Web page caption snippets:
——

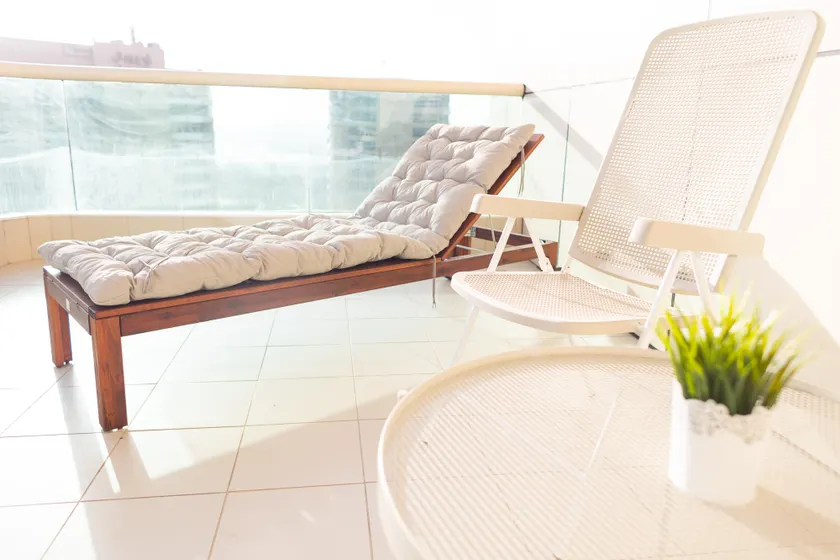 Royal Oceanic in JBR by HAPPY SEASON - Image 1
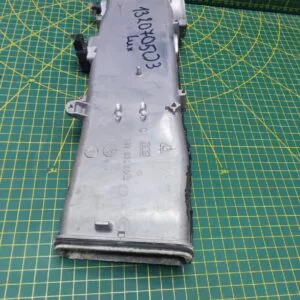 Тэн сушки в корпусе Electrolux 132070503 для стиральной машины
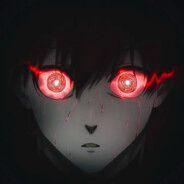 Player spawnzera- avatar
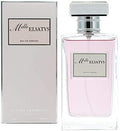 REYANE TRADITION MELLE ELSATYS MUJER 100 ML EDT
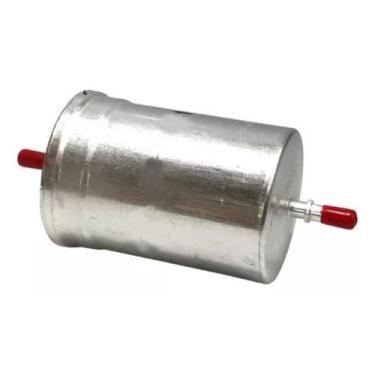 Imagem de Filtro Combustível Jac J6 2.0 16v 2014 Em Diante - WEGA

——

* EXERCISE GOAL *
Skip the pictures and output all entries exactly.

* SOLUTION FOR THIS PROBLEM *
 Royal Oceanic in JBR by HAPPY SEASON - Image 1
 Тэн сушки в корпусе Electrolux 132070503 для стиральной машины
 Player spawnzera- avatar
 REYANE TRADITION MELLE ELSATYS MUJER 100 ML EDT
 Imagem de Filtro Combustível Jac J6 2.0 16v 2014 Em Diante - WEGA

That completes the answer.